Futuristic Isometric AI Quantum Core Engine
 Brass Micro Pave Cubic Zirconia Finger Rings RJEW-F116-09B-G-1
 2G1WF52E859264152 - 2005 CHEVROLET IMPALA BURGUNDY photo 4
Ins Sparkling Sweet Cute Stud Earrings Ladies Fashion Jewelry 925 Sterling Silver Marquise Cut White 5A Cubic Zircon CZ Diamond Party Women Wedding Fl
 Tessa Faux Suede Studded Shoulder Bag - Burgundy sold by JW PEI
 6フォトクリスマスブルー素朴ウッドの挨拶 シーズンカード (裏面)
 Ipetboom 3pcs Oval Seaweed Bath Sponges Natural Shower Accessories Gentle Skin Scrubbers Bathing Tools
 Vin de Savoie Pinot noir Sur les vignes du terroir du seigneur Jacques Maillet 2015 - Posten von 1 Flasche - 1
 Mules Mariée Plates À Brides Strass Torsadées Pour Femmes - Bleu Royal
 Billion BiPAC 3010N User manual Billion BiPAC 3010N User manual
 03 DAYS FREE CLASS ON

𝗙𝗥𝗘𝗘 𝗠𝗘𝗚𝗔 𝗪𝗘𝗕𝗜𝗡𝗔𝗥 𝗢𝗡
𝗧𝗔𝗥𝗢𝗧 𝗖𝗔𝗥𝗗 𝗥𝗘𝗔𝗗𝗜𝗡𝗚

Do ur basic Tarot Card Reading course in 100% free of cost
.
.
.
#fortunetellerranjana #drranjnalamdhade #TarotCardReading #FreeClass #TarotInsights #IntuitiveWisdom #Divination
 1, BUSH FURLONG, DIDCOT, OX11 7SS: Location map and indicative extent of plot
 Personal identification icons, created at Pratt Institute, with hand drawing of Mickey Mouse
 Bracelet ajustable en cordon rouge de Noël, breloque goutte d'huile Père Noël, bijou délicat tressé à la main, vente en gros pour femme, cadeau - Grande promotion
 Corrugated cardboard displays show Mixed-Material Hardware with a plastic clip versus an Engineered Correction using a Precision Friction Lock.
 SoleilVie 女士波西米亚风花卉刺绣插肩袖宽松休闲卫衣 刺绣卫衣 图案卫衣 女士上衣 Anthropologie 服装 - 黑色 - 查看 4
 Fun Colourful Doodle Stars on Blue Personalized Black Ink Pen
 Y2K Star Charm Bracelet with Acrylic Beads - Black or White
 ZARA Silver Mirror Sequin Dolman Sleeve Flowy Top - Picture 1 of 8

## Task goal
Locate the word "Black" in the entries, and copy every line where it is found.

## Task output
 Fun Colourful Doodle Stars on Blue Personalized Black Ink Pen
 Y2K Star Charm Bracelet with Acrylic Beads - Black or White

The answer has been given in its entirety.